From its beginning the National Museum of Contemporary Art set, inter alia, a double goal. This was, on the one hand, to bring the Greek audience into contact with the international contemporary art. And, on the other hand, to present significant experimental and critical forms, which would allow us to showcase the international potential of the artistic production in Greece, connecting it with the dominant today discourse, for a multifaceted, open and decentred international art by creators from diverse geographical regions of the world. We continue to serve this initial goal with a broad programme of solo and group exhibitions that promote equal collaborations between artists and a creative dialogue between the local and international artistic scene.
Within the framework of this policy, we are organizing a solo exhibition of Kostis Velonis, one of the most significant Greek artists of the younger generation. With humanities and cultural studies in London and fine arts studies in Paris, Velonis is one of the artists who, coming from peripheral countries, remain in their native place, creating within the framework of international pursuits and attracting the interest and the recognition of an audience that transcends local borders.

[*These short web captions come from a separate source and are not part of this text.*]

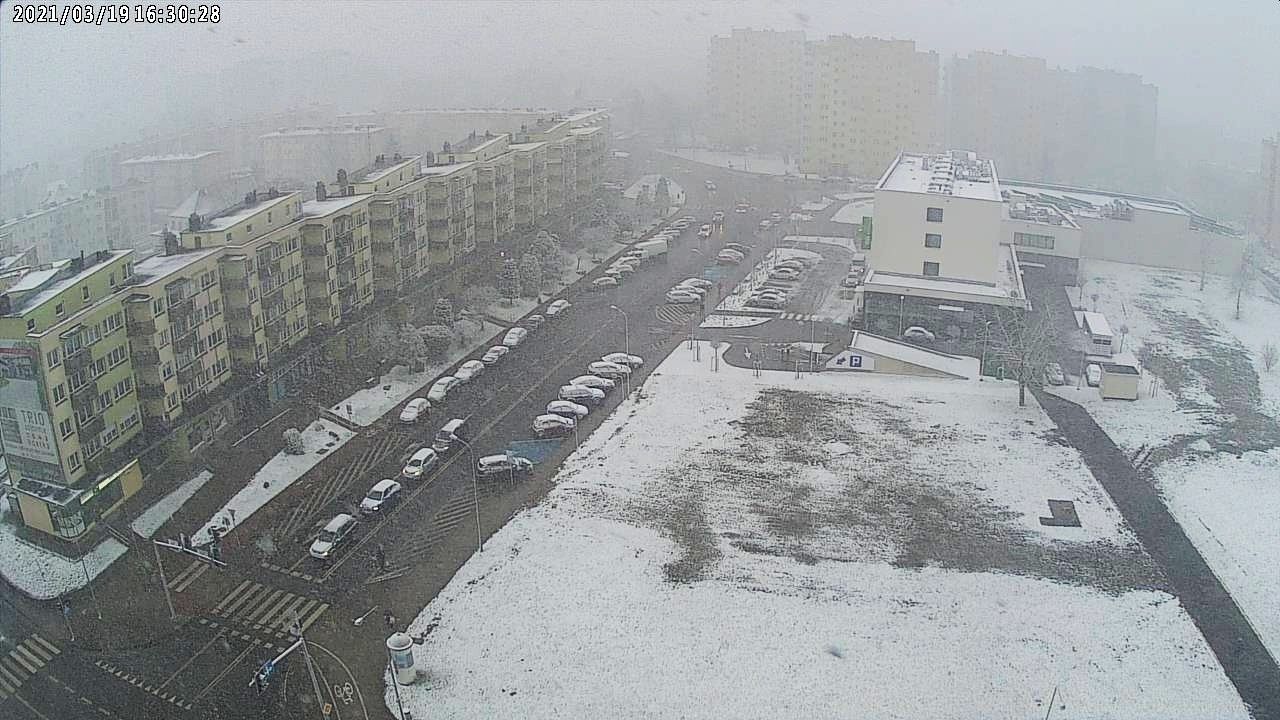 snow, Popiełuszki Square, camera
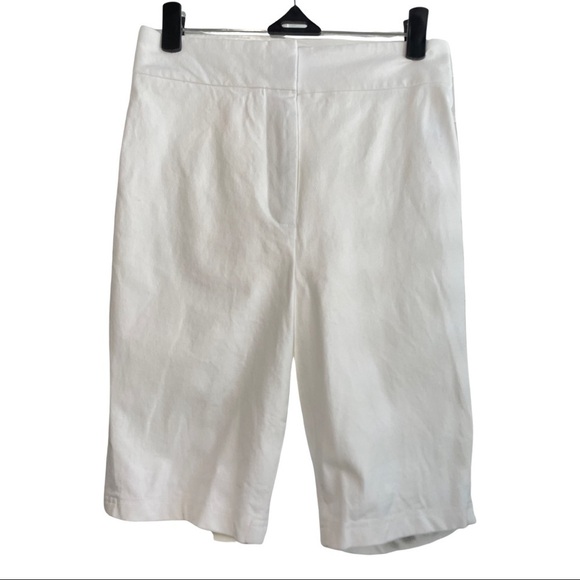 𝅺aritzia Babaton Biker Shorts size 4 - Picture 1 of 4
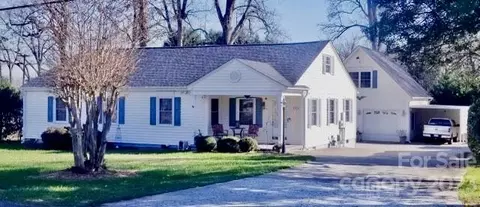 908 Rogosin Blvd, Lowell, NC 28098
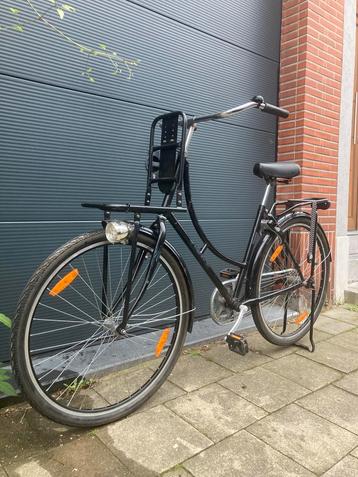 Hollandse fiets - in orde mét verlichting beschikbaar voor biedingen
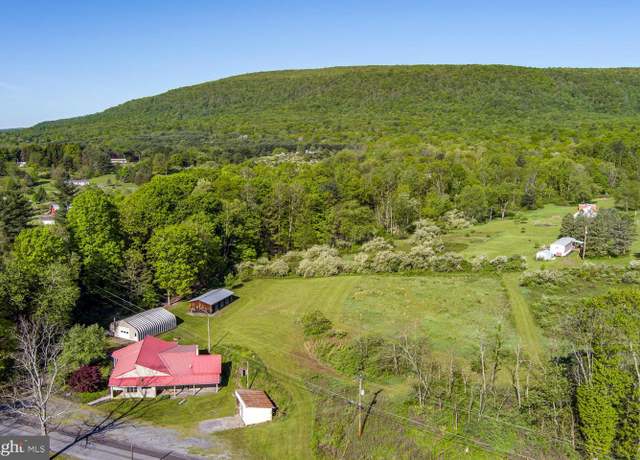 Property at 22464 Coles Vly, Robertsdale, PA 16674, 6 beds, 2 baths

Velonis’ sculpture, in the broad sense, and particularly the series shown in the present exhibition, is usually described as political. But, more than a return to political art, we discern the question about how art today can be political. The artist’s visit to and appropriation of heroic periods of the modern movement, such as the Russian one of the early 20th century, where the artistic and political avant-garde meet and intersect, do not promise a safe reunion. Through the rich intertextuality of his works, and especially through the aesthetic and conceptual transformations of the historical material in the translation process, we observe a hovering between nostalgia and transcendence of the collective vision. The rift between the collective and the individual that is revealed by the works in the exhibition may be a melancholic and at the same time open answer to the initial question, in an era of scepticism and lack of certainties, in the realm both of politics and aesthetics.